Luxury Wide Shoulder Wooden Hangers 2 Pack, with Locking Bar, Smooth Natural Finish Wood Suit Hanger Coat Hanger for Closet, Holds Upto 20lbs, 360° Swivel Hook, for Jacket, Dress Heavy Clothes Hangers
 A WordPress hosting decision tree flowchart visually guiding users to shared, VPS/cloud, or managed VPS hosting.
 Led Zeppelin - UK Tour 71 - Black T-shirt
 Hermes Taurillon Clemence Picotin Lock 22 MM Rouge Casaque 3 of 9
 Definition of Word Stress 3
* * *
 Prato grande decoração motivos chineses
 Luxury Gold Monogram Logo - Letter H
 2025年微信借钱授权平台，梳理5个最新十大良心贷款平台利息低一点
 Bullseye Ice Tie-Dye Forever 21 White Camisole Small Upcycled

**Task details**. Looking at the records above, return exactly the lines from the line with "Luxury Wide Shoulder" to the line with "Definition of Word Stress 3", both ends included.

**Result of this task**.
Luxury Wide Shoulder Wooden Hangers 2 Pack, with Locking Bar, Smooth Natural Finish Wood Suit Hanger Coat Hanger for Closet, Holds Upto 20lbs, 360° Swivel Hook, for Jacket, Dress Heavy Clothes Hangers
 A WordPress hosting decision tree flowchart visually guiding users to shared, VPS/cloud, or managed VPS hosting.
 Led Zeppelin - UK Tour 71 - Black T-shirt
 Hermes Taurillon Clemence Picotin Lock 22 MM Rouge Casaque 3 of 9
 Definition of Word Stress 3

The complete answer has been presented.